You have the existing infrastructure in place. That's about an hour.
You get into Palmdale. Now you're connecting with the new Bright Line that's going all the way to Vegas and one of the fastest growing parts of the state in Palmdale where middle-class families can still afford a home.
And so those are component parts. And that's where I think that $36 billion number came from.
Those three component parts roughly add up to that. Now the Tehachapi Mountains, getting them over, all of those larger issues, those are issues that obviously are component parts of this larger effort.
And that'll be, you know, over the course of many, many years, right? But I think the big question people have about it, and you hear people asking this all the time, is that- And I just, Robert, I inherited this. Yes, you inherited this.
It's not your fault. This was not my baby from 2008 or 1982.
I'm not blaming Governor Newsom on this. God bless.
I'm just trying to get that contract. But I think the question is, there is not a line of sight on that $36 to $110 billion, right? That doesn't exist.
And that's a very hard thing. Well, you're trying to get revenue generation.
Once you start getting the large population corridors, if you could connect Silicon Valley to Central Valley, which is the foundational argument, and you can start sharing. We're looking at train sets that have interoperability, not just with Brightline, but a high desert corridor.
So you have two private sector partners, and we're actually procuring train sets very, very shortly. As I say, we did the railhead.
We're starting to lay track. This thing's starting to get very, very real.
Some of the projects you did see are projects that will have profound impacts economically in terms of the upzoning, particularly in the Fresno corridor. And Fresno is a very important part of this thing.
I think the big worry I heard from transportation types is that the ridership in those quarters, as fast growing as they may be, is not enough to throw off money.

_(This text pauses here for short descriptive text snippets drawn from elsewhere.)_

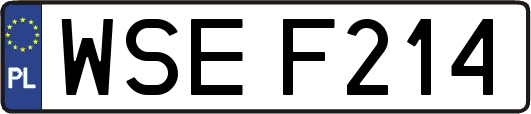 WSEF214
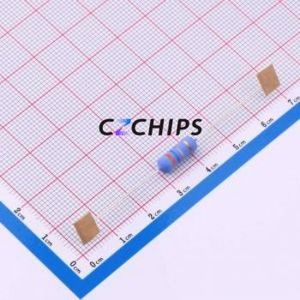 Résistance traversante MOR02SJ036JA10, composant traversant (THT), D4.5xL11.5mm, film d'oxyde métallique, 3.6Ohm, 5%, 2W - Product Image 1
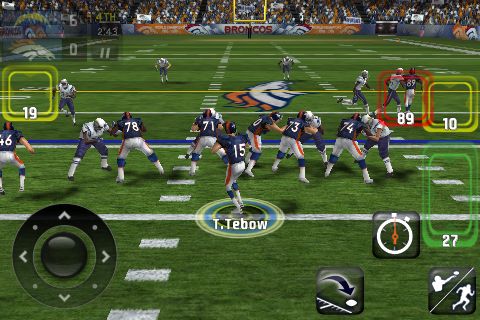 Madden NFL 11 Review – Nintendo Okie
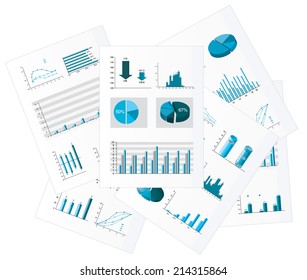 Business charts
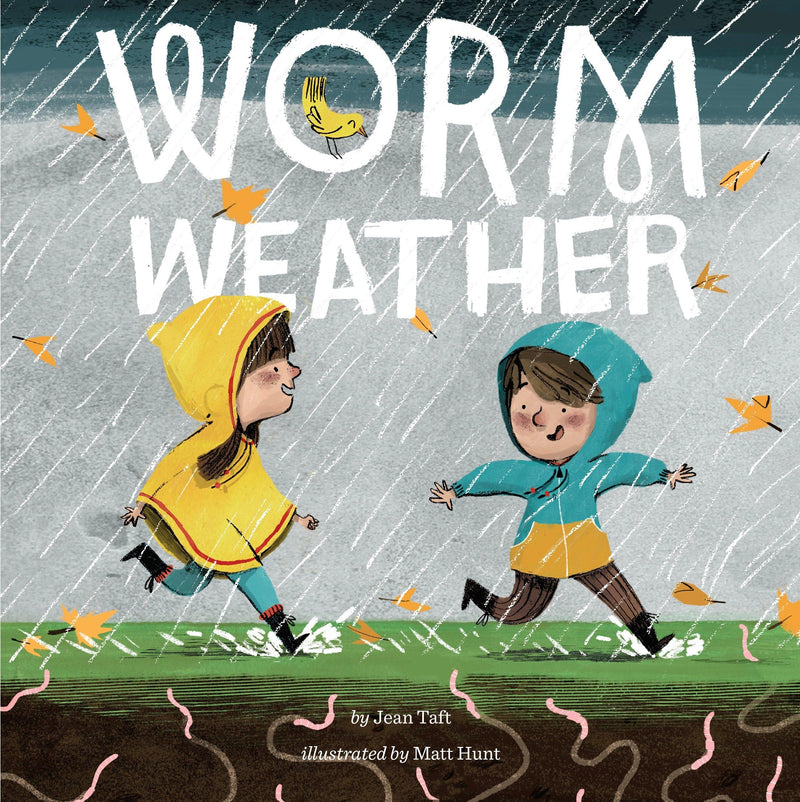 Worm Weather by Taft, Jean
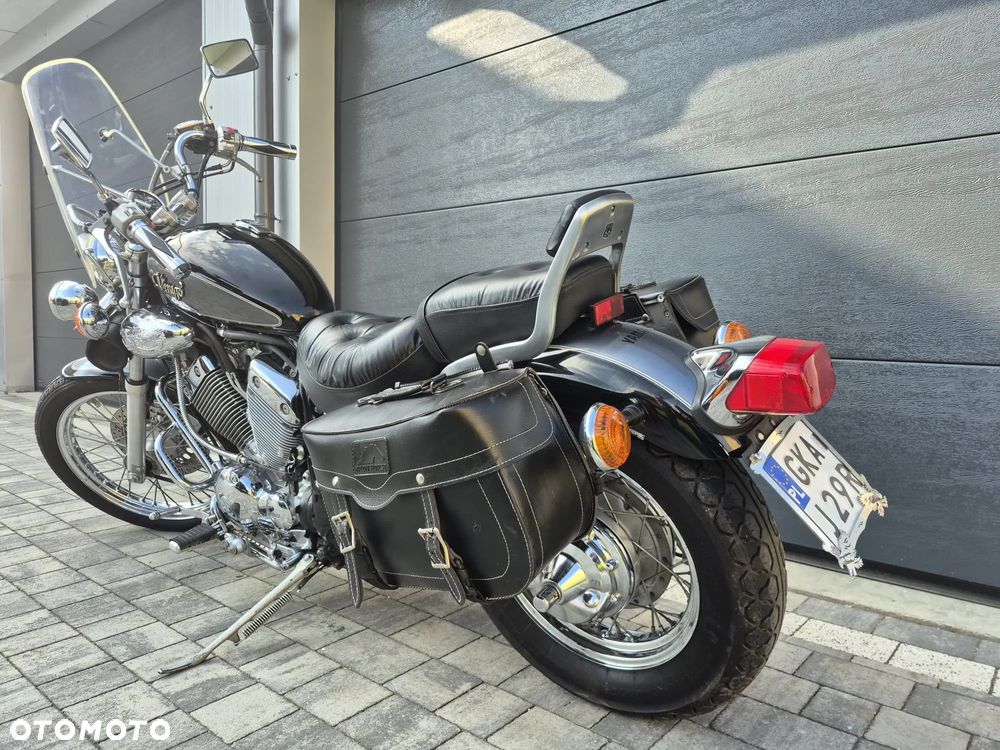 Yamaha Virago - 3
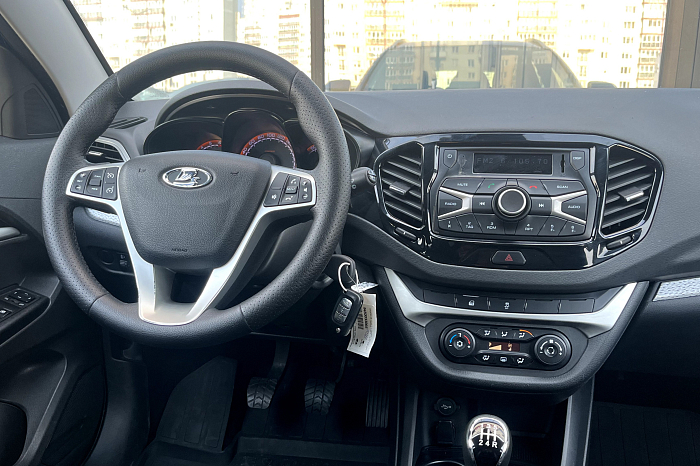 Lada Vesta Cross, Бензин, 1.6, Механическая, Передний привод, Универсал - 7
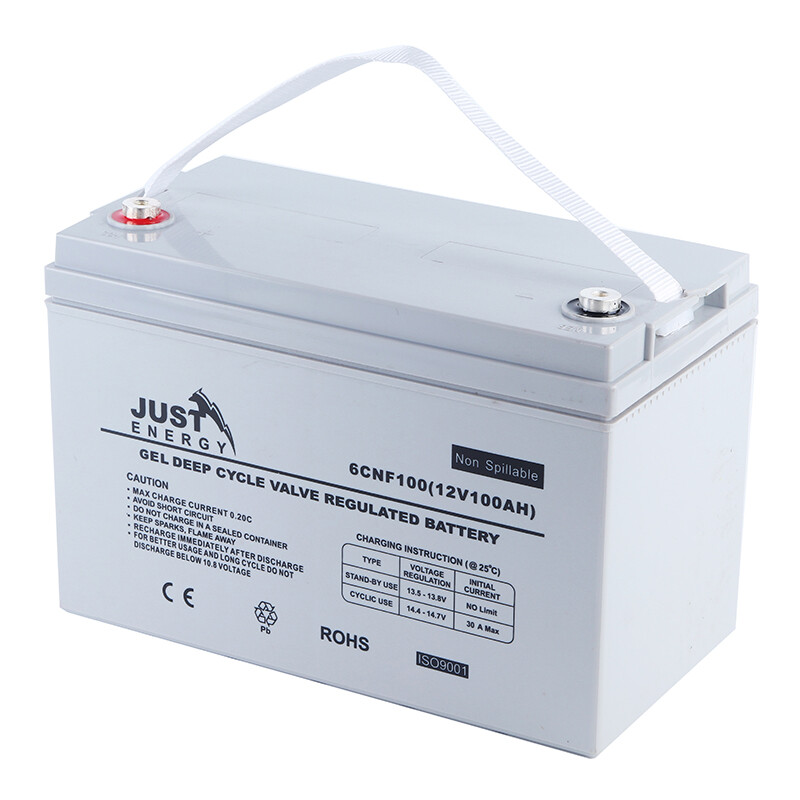 Gel Battery 12V 100Ah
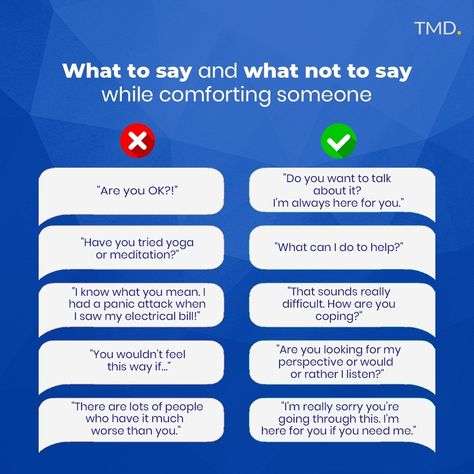 What To Say When Someone Says They Like You, What To Say When Someone Is Venting, What To Say To Comfort Someone, What To Talk About When You Have Nothing To Say, Things To Say When Someone Is Upset, How To Tell Someone U Like Them Without Saying It, How To Comfort People Over Text, What To Say When Someone Compliments You, How To Tell Someone You Need Space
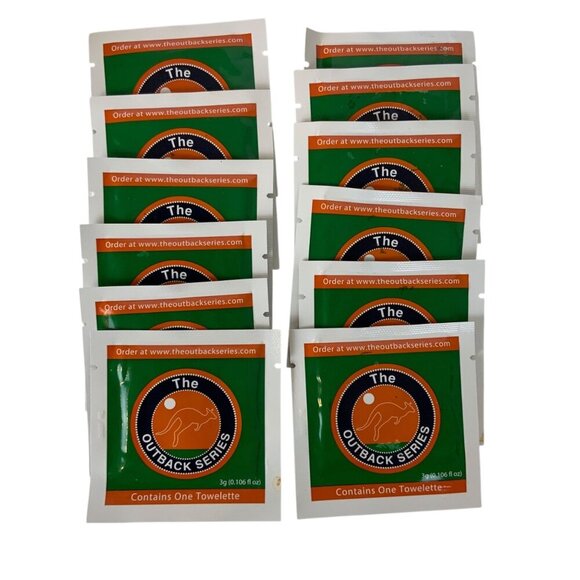 Outback Original Roll-On Topical Oil 1.7 Fl Oz & 12 Towelettes Set - Picture 5 of 7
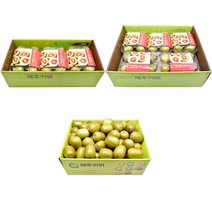 삼다몰 제주 레드키위 골드키위 그린키위, 레드키위 벌크 5kg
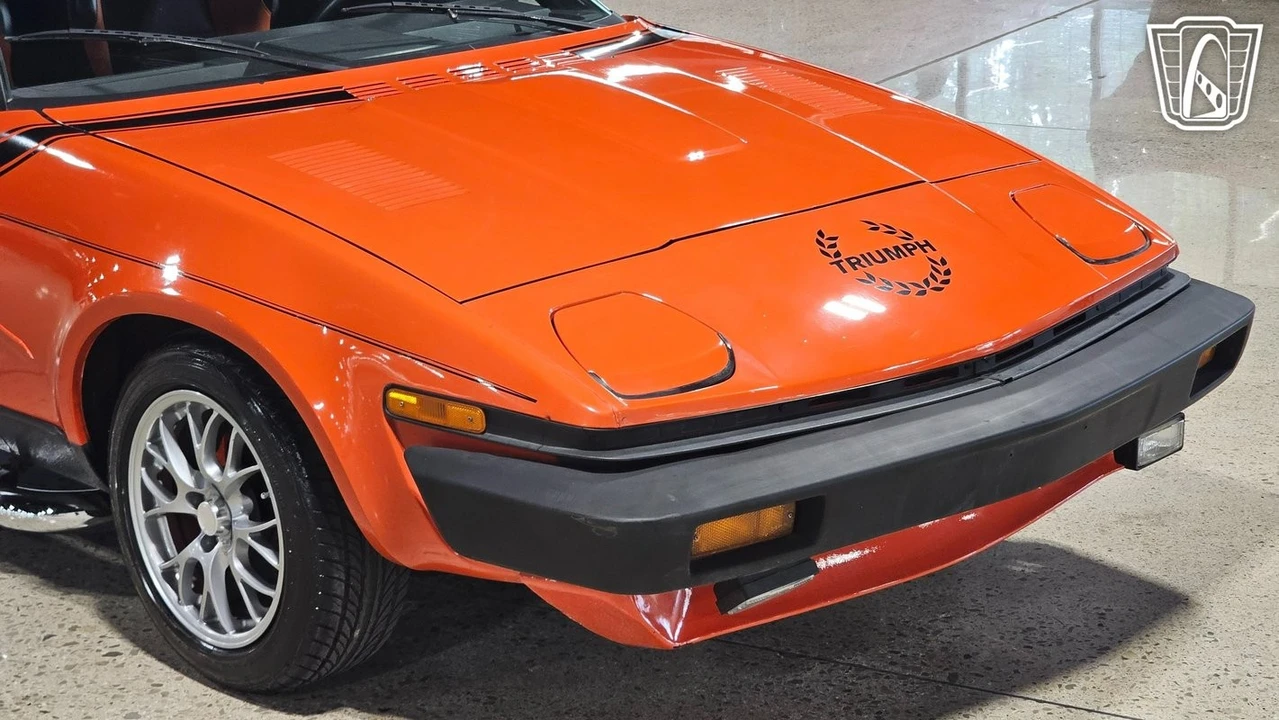 1980 Triumph TR7 - Image 29 of 31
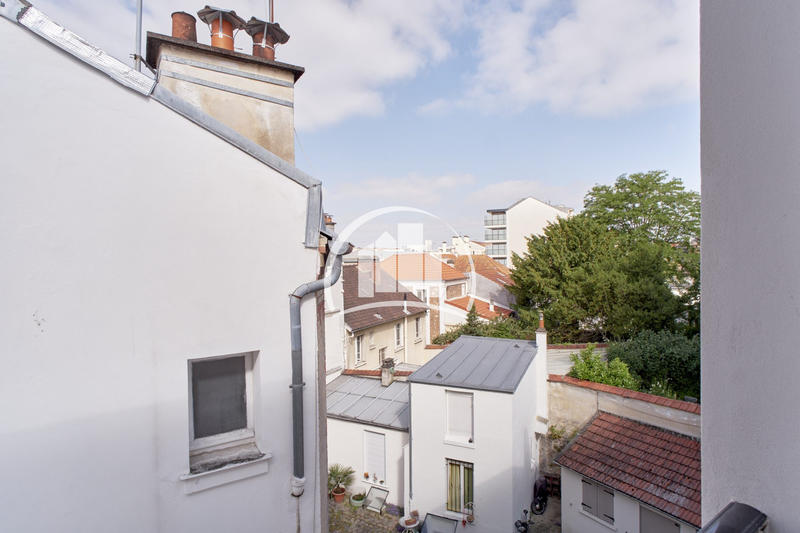 Appartement - 20 m² - 1 pièce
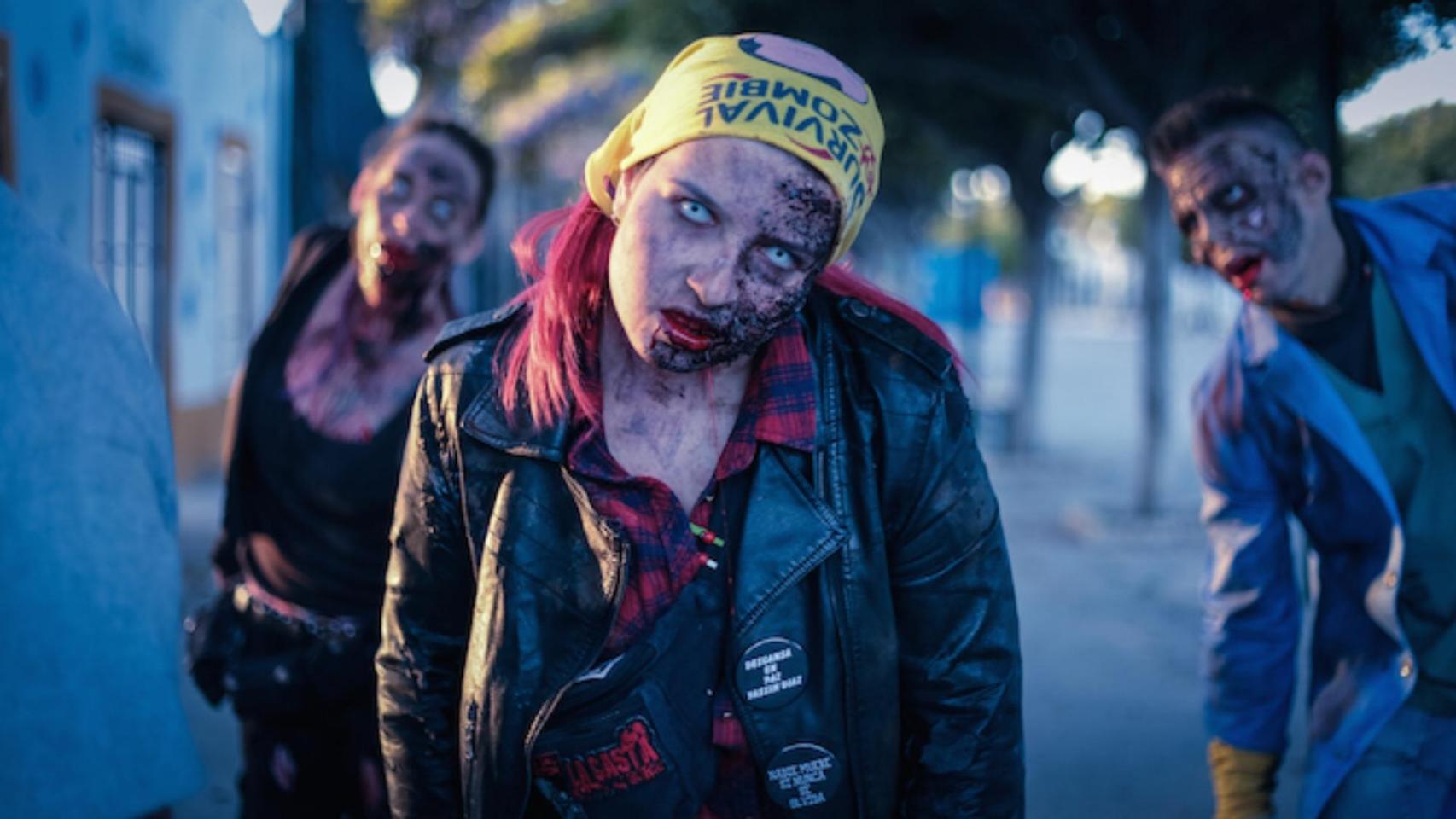 Un zombie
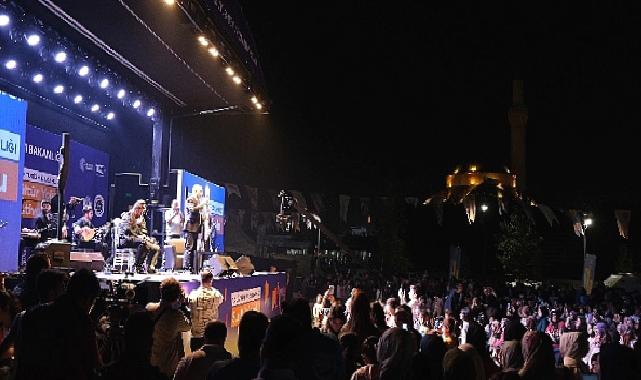 Diyarbakır Sur Kültür Yolu Festivali Devam Ediyor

It's not even enough to handle that operating budget very likely.
And it's definitely not going to throw off money that's going to complete $110 billion train. And that we're finishing something that in the end is going to be a monument to not being able to build the thing we wanted.
Yeah, we're not going to be able to build a new airport. We're not, you know, I mean, the end of the day, we've got these constraints that are well-established already, these pre-existing constraints.
There's not a high-speed railing system that's not enjoying some popularity and success. Most, at least, are wildly popular.
It's an experience no one's had in the United States of America. At least we're out there daring, and we're trying to advance a new paradigm.
Are there reforms that could be made that would make the next pieces just easier? I mean, I was always interested that it wasn't exempted from CEQA in the first place. It's a pro-environmental project.
I know. You know, are project i know you know are there things like that i mean i wish you wrote this damn book in 2007 where the hell were you it's a good question seriously by the way where were you in 2007 i was in washington man were you in washington i was in washington no i mean but you're right no look and and i don't just say it's the art of the possible and i know that back to that's a practitioner framework framework.
I mean, I love to intellectualize all these things. What could have, should have, would have.
But there's certain foundational facts. And interestingly, you made the point in the book that I have to over and over make to people, why did we start in the Central Valley? It was a requirement, federal requirement for federal dollars.
Now, it's not the worst idea. I mean, the Intercontinental Railroad.
Just to say it, it was a requirement because the federal program wasn't just for high-speed rail it was to start where you had air pollution for marginalized communities yeah which is both like i just want to say this because it's part of why i'm saying this in the book is that that all sounds great and there's you can come up with reasons certain central valley but it's the part of the state that will generate the least political capital to keep going. Because it has the least dense ridership.
But it's also part of the state that does have, I mean, you know, you talk about ignorance, poverty, and disease. You talk about the issues of air quality and life expectancy.
You talk about the economic opportunities. Yeah, but what addresses air quality is the whole track.
Well, ultimately a fully electrified track.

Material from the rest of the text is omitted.